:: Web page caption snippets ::
____

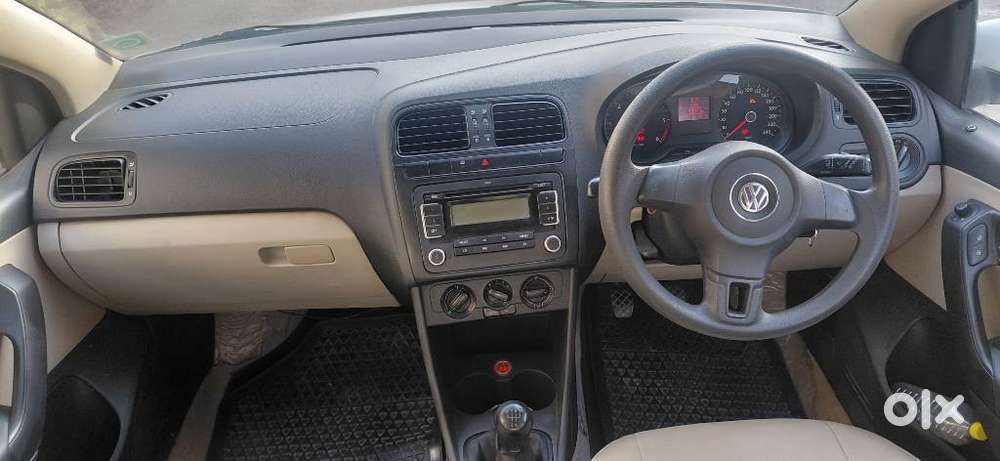 Volkswagen Polo Comfortline 1.2l Diesel, 2012, Diesel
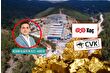 Koç Holding'e ait Demir Export, Sarıalan Altın İşletmesi'ni Çevik Aliesi'nin yönettiği CVK Maden'e sattı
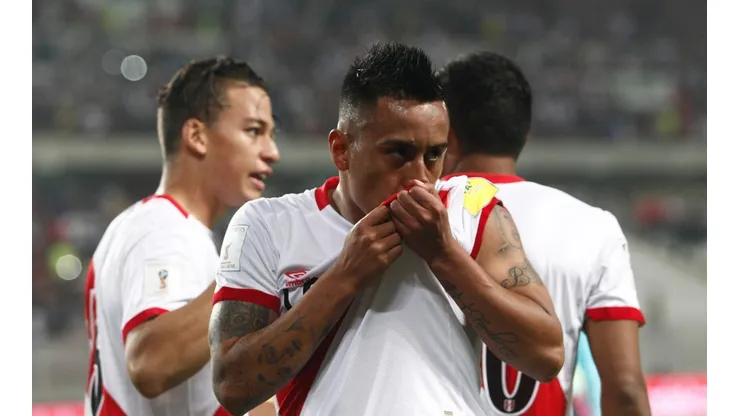Cueva fue pieza clave en la clasificación de Perú a Rusia 2018.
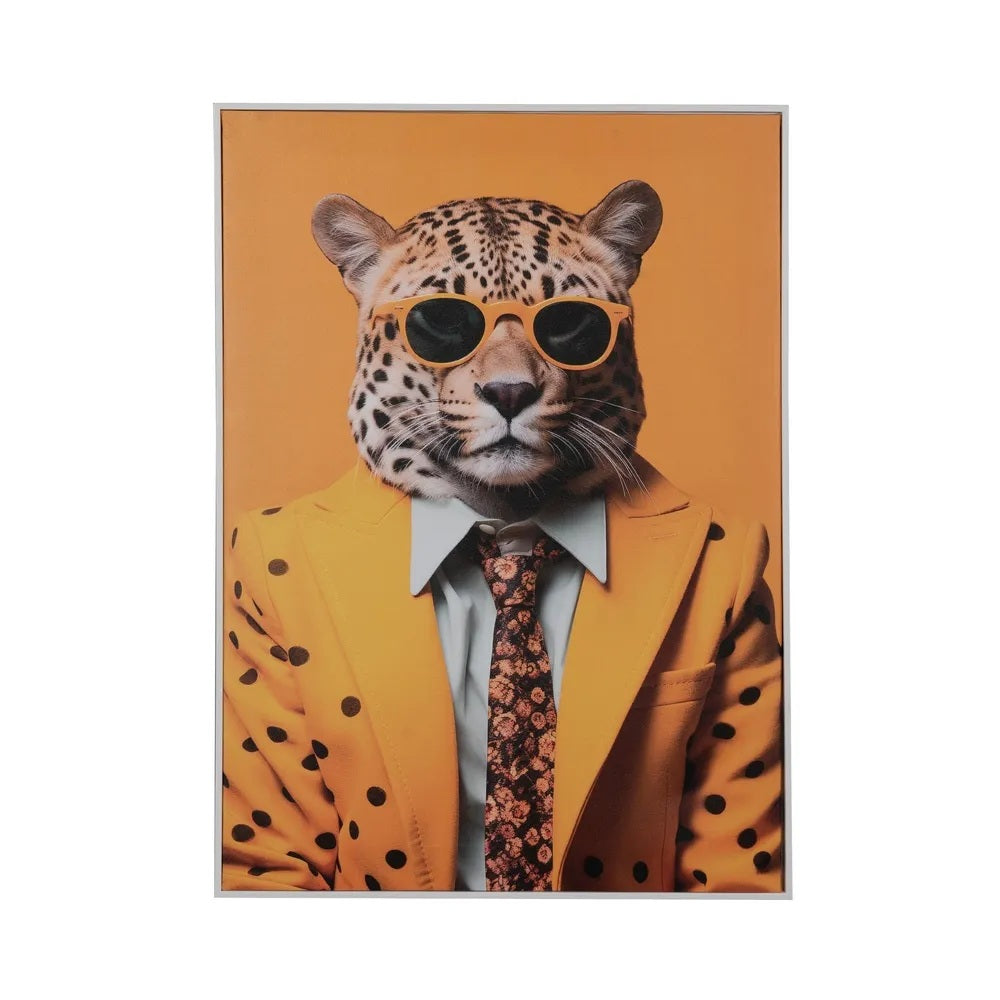 Set 3 tablouri MAGNIS ANIMALS 50 x 70 CM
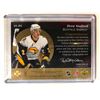 Image 2 : 2006-07 AUTOGRAPHED DREW STAFFORD SWEET SHOT HOCKEY UPPER DECK  HOCKEY CARD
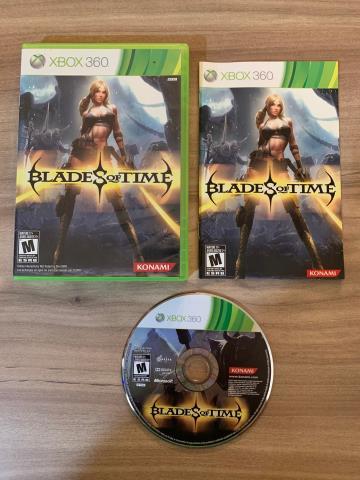 Blade of time xbox360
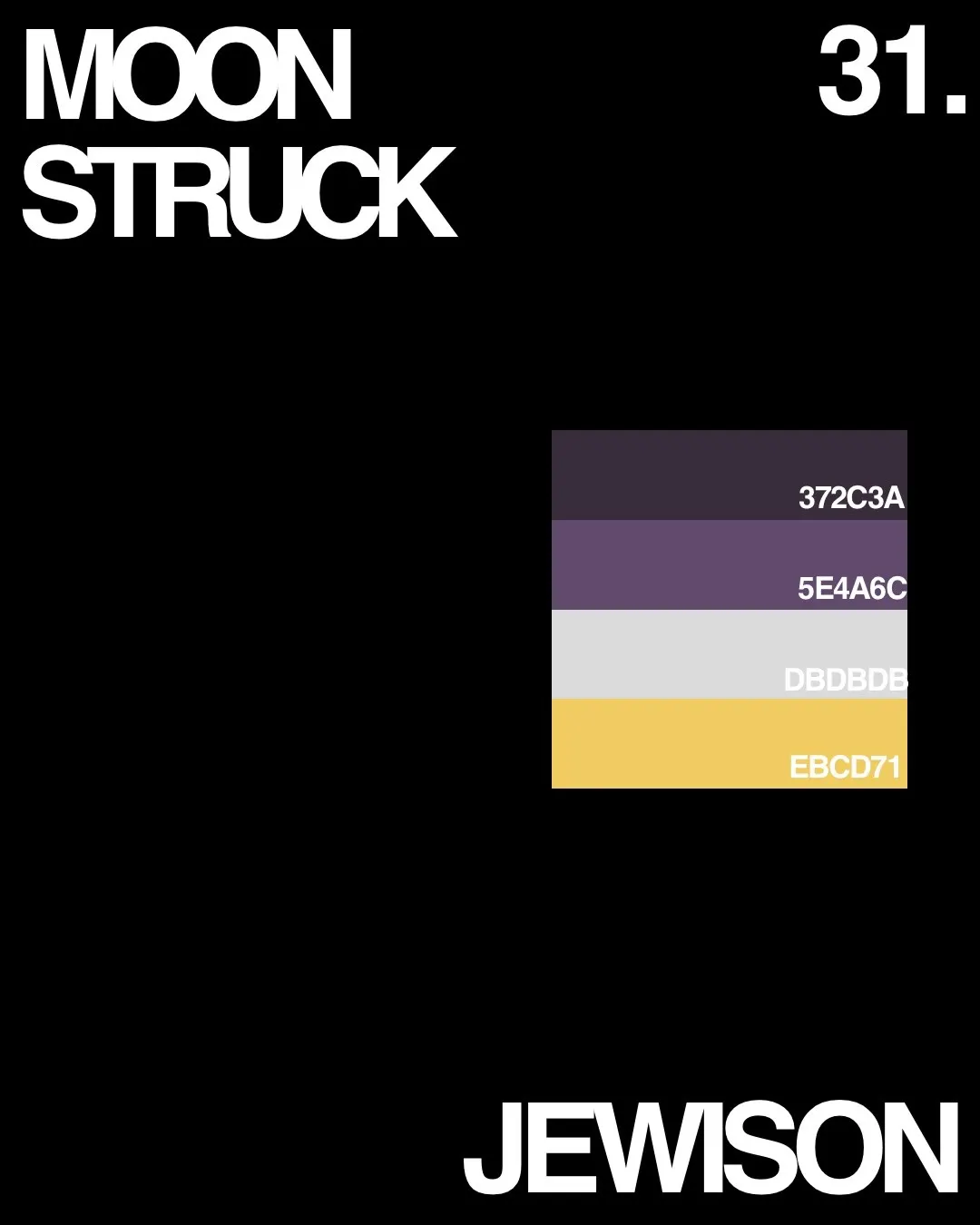 Moonstruck — [PST] screening poster — photo 3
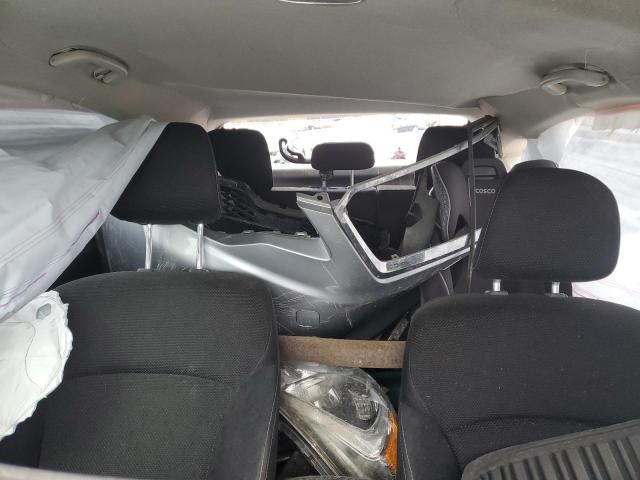 Photo 10 from auction – 2014 SUBARU XV CROSSTR with VIN JF2GPACCXE8230337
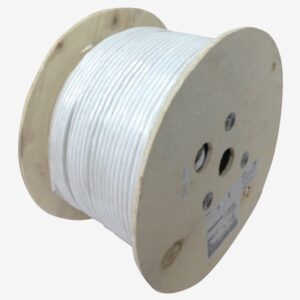 Cable STP Cat. 6 4Px23 AWG LSZH – 305m – Gris - DIXON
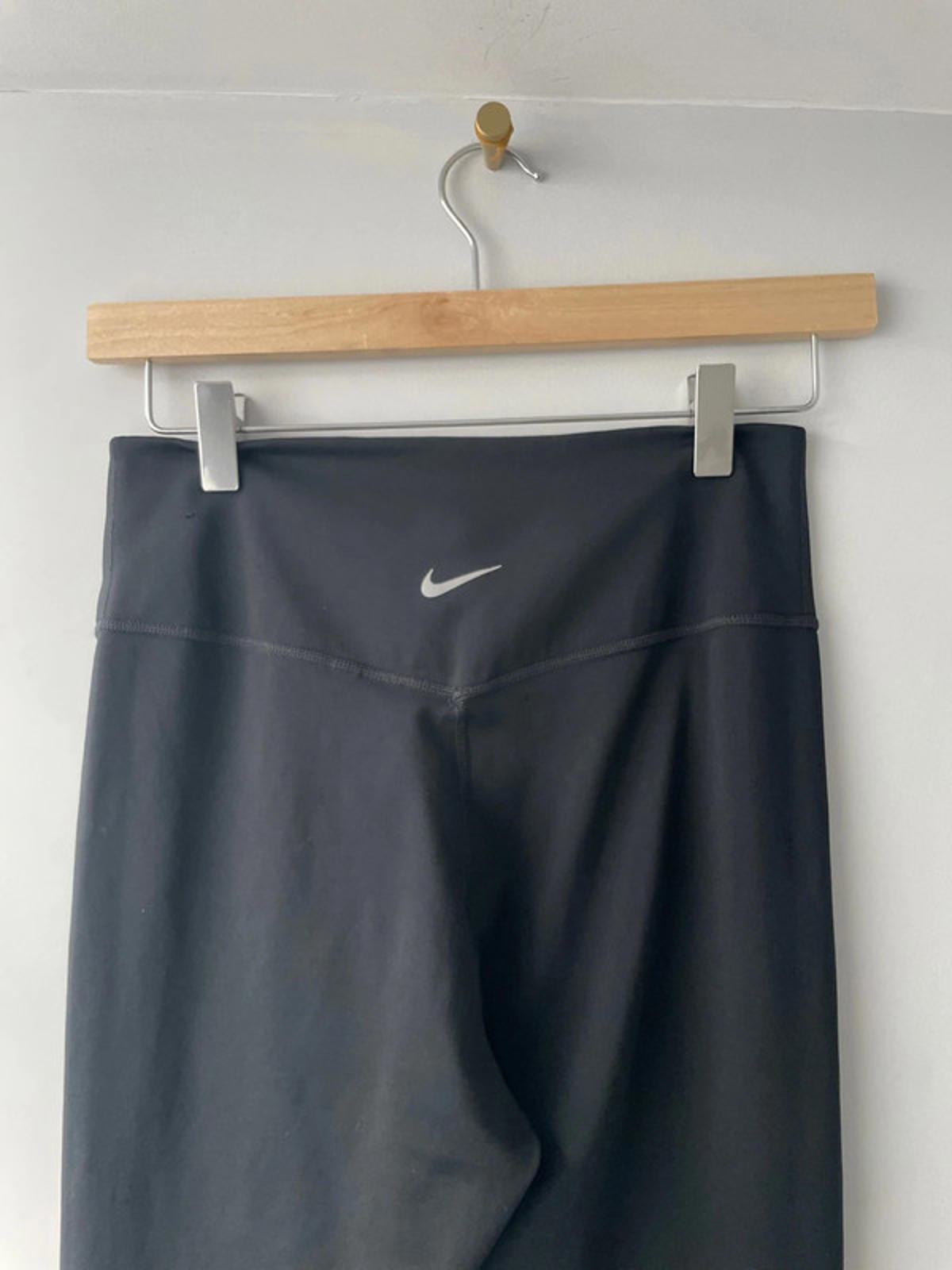 Women’s Nike Swoosh Dri-fit Running Tracksuit Set In Black - Small - 2213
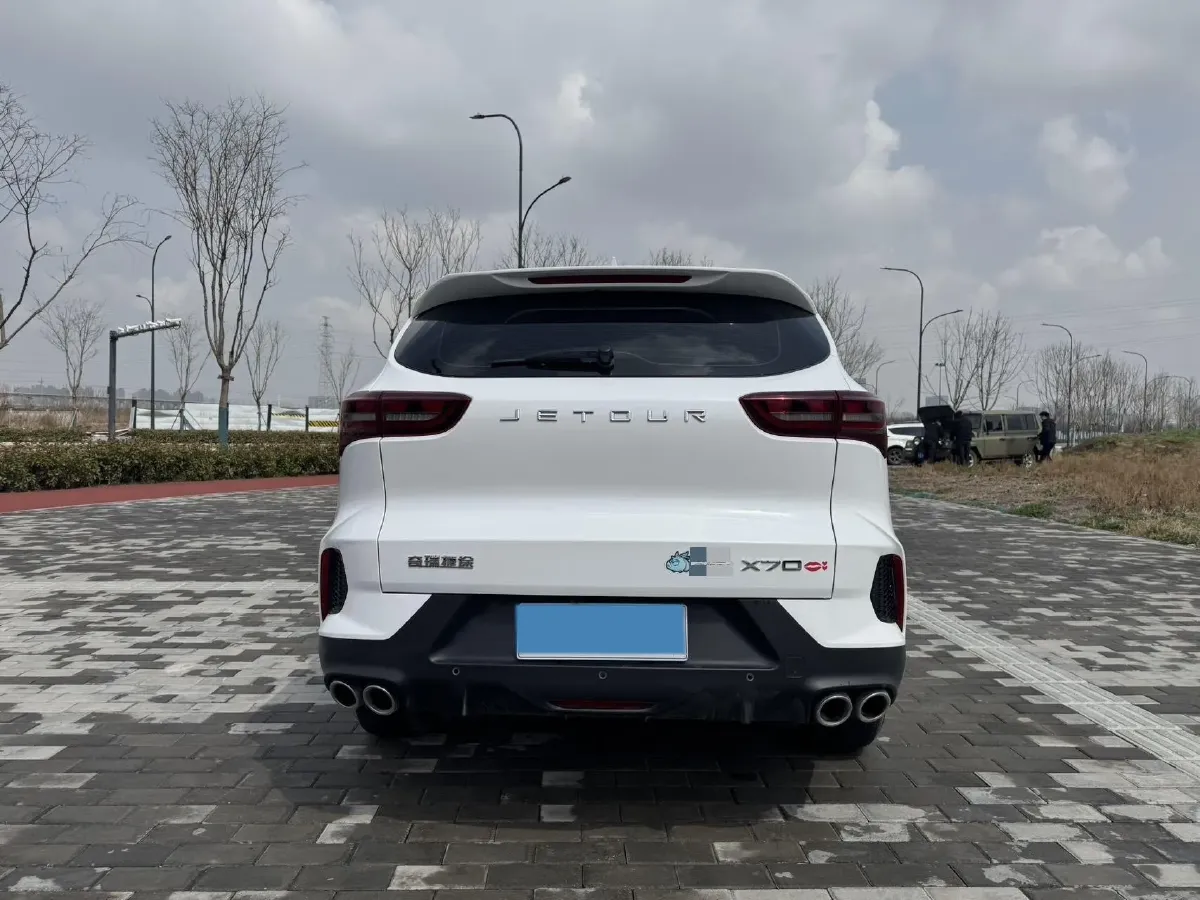 2024 Jetour X70 1.5T 156HP L4 6DCT,autocango,china used car exporter,china ev exporter,chinese used car exporter,chinese used ev exporter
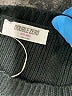 Double Zero 100% Acrylic Solid Black Pullover Sweater Size S - photo 7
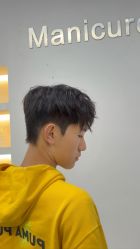 -86男士发型设计
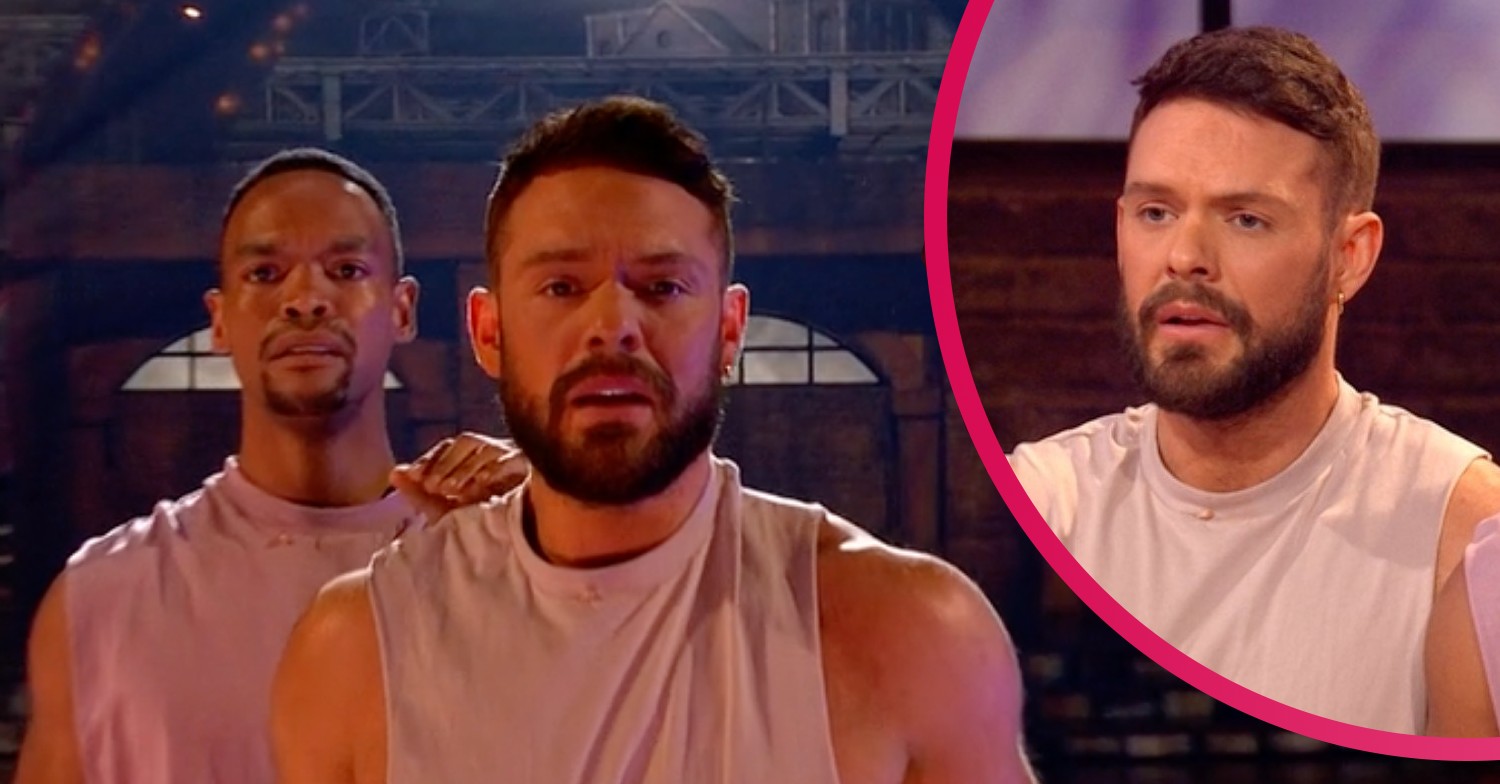 john whaite strictly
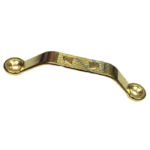 Eco Lounge Dekoratif Zamak Kulp Dıştan - 64mm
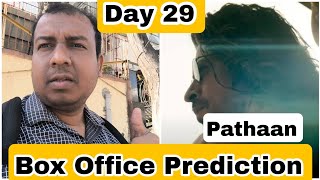 Pathaan Movie Box Office Prediction Day 29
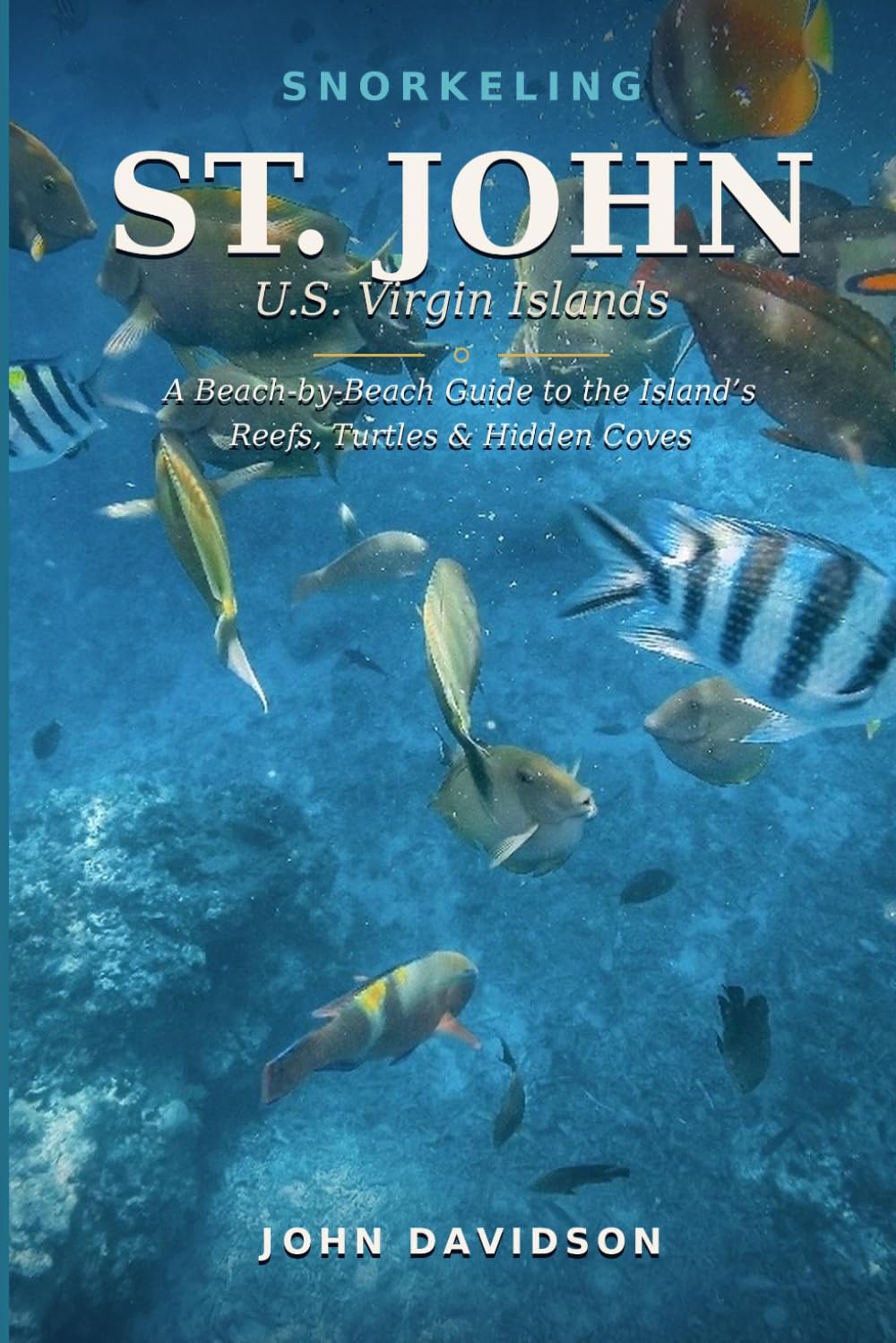 SNORKELING ST. JOHN U.S. Virgin Islands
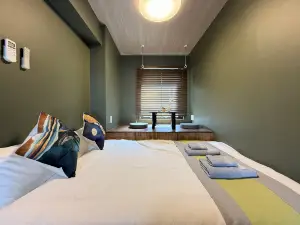 nestay apartment tokyo komagome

____

:: Problem ::
What is needed is an exact copy of the lines from the one with "Pathaan Movie Box Office Prediction Day 29" through the end of the data above, both included, minus any pictures.

:: Exercise output ::
 Pathaan Movie Box Office Prediction Day 29
 SNORKELING ST. JOHN U.S. Virgin Islands
 nestay apartment tokyo komagome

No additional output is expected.